From the entries below, return exactly the lines beginning at the one that contains "قائد الجيش زار" and ending at the one that contains "mysore_palace_1.jpg", both of them included, and only those lines.

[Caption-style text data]
● ● ● ●
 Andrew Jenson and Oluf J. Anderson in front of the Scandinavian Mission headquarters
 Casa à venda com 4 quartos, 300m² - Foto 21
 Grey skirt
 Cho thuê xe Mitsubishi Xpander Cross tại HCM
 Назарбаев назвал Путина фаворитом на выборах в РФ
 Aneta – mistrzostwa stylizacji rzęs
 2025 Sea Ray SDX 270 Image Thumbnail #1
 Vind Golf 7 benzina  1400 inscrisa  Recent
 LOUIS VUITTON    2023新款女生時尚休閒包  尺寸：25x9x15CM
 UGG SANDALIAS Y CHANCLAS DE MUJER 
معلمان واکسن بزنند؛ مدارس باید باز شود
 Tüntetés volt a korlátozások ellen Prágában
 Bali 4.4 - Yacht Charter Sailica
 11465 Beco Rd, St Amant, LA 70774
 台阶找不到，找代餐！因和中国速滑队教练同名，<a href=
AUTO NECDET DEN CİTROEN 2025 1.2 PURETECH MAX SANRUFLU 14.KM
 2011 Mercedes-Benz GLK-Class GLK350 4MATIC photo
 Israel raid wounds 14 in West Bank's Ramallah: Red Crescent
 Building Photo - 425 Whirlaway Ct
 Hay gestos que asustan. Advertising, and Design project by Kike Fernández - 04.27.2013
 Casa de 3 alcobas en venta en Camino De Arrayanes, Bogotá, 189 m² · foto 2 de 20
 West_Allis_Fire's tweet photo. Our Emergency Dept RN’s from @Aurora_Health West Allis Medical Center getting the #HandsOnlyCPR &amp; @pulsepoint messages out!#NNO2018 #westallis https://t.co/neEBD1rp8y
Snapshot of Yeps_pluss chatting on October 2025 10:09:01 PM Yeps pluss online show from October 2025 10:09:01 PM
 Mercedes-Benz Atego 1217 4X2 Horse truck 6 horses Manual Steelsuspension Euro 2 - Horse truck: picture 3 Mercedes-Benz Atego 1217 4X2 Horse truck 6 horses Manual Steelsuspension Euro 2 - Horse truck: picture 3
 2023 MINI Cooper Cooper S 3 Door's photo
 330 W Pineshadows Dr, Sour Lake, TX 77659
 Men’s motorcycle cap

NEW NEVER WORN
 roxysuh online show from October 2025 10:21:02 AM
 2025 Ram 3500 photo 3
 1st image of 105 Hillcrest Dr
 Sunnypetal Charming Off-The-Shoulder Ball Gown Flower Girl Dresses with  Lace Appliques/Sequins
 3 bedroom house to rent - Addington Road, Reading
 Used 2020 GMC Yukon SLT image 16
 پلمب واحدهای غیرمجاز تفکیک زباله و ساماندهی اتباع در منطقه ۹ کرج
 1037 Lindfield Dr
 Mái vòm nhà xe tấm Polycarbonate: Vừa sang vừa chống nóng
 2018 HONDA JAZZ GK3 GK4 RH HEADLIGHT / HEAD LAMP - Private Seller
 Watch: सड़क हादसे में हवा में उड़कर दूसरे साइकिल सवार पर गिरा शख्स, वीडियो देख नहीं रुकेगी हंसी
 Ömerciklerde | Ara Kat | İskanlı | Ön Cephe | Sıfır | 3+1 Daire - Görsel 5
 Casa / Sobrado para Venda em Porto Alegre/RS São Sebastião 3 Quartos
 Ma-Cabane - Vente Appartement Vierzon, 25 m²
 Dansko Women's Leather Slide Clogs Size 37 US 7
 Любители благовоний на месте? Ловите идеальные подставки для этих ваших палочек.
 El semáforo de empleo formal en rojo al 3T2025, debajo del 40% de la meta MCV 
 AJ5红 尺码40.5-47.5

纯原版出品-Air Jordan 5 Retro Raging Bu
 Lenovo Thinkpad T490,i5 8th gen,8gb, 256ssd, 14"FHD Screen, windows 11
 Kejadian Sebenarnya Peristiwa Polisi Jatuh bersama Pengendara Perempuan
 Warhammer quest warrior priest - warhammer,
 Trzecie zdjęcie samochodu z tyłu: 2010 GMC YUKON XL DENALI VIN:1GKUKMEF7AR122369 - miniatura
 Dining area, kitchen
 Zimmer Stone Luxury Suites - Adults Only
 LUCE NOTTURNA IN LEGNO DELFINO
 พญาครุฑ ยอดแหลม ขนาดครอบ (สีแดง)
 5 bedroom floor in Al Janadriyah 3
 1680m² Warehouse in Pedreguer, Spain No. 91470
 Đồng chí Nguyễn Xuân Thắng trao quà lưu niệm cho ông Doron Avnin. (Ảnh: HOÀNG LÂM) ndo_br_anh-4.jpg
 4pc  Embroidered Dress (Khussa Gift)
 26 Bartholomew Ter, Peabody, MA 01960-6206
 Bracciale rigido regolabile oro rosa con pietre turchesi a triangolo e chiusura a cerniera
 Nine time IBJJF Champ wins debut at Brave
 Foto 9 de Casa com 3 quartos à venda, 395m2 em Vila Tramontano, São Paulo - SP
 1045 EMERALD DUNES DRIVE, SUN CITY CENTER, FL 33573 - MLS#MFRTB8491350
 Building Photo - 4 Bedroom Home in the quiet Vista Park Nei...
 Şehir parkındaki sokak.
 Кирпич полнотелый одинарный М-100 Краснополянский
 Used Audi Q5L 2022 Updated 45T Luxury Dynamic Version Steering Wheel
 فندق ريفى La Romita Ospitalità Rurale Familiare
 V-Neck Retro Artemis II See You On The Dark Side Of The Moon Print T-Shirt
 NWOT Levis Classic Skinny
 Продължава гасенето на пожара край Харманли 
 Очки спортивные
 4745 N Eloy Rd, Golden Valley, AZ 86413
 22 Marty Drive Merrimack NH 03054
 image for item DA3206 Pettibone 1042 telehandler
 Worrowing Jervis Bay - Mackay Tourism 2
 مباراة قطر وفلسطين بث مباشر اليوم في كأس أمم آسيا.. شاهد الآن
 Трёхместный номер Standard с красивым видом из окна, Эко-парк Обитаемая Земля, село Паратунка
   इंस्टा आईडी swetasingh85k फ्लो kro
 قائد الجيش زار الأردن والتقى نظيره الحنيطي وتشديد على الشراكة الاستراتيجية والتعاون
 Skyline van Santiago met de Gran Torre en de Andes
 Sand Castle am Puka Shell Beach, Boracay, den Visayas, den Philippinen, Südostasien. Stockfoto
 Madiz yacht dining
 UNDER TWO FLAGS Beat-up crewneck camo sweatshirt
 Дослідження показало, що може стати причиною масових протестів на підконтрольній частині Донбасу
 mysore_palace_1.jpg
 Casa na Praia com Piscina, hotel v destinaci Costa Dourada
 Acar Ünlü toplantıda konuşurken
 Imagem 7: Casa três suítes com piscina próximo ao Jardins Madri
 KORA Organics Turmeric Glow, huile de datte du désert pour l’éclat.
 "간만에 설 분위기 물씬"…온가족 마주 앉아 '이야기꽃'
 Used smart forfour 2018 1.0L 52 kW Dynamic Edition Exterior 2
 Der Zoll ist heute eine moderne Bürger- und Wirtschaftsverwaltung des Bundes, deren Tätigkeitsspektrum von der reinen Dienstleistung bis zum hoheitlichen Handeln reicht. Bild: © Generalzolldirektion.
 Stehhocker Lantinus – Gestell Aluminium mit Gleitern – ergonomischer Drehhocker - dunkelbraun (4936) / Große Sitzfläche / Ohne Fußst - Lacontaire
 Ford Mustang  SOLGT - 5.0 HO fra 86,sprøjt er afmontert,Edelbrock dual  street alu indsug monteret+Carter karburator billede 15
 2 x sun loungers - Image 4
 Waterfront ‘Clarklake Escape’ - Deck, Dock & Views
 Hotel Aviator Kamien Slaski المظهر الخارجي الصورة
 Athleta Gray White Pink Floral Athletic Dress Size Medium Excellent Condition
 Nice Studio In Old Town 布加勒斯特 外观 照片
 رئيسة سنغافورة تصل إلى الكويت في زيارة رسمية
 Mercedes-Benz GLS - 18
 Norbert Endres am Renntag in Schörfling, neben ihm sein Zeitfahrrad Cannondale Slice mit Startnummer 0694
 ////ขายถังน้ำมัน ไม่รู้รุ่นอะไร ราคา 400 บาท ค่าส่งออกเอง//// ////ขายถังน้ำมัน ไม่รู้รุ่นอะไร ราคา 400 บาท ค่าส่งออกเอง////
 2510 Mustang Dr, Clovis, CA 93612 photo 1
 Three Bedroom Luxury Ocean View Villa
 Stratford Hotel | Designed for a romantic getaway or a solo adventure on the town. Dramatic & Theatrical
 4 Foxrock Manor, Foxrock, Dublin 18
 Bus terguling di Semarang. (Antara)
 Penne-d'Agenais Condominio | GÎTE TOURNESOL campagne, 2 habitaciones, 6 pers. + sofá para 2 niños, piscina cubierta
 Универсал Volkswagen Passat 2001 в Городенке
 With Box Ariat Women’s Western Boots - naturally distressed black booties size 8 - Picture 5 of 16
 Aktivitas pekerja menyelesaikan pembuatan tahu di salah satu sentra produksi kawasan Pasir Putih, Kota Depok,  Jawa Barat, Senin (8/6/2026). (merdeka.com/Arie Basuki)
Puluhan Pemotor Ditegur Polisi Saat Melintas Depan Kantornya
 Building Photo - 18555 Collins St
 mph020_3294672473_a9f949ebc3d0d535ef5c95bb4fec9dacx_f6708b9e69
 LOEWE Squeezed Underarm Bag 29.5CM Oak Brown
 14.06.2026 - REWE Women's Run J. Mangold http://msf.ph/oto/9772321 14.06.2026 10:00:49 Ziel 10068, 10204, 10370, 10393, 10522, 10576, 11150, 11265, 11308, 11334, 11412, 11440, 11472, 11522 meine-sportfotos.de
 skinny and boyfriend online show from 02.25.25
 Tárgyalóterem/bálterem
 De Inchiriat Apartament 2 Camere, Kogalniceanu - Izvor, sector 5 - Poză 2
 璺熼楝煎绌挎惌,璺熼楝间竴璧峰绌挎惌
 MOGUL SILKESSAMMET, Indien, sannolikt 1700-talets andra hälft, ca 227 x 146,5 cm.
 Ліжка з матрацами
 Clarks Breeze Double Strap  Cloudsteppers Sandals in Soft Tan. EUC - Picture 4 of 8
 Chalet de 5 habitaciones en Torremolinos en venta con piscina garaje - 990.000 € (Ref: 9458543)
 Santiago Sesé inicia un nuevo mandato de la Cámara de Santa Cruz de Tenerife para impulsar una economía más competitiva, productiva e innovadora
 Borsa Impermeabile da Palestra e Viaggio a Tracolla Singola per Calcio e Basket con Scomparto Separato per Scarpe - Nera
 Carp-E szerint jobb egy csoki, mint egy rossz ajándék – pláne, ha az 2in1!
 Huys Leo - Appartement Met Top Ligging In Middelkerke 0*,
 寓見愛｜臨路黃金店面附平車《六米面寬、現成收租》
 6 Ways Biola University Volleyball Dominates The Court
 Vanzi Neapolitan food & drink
● ● ● ●
§ RESULT BELOW:
 قائد الجيش زار الأردن والتقى نظيره الحنيطي وتشديد على الشراكة الاستراتيجية والتعاون
 Skyline van Santiago met de Gran Torre en de Andes
 Sand Castle am Puka Shell Beach, Boracay, den Visayas, den Philippinen, Südostasien. Stockfoto
 Madiz yacht dining
 UNDER TWO FLAGS Beat-up crewneck camo sweatshirt
 Дослідження показало, що може стати причиною масових протестів на підконтрольній частині Донбасу
 mysore_palace_1.jpg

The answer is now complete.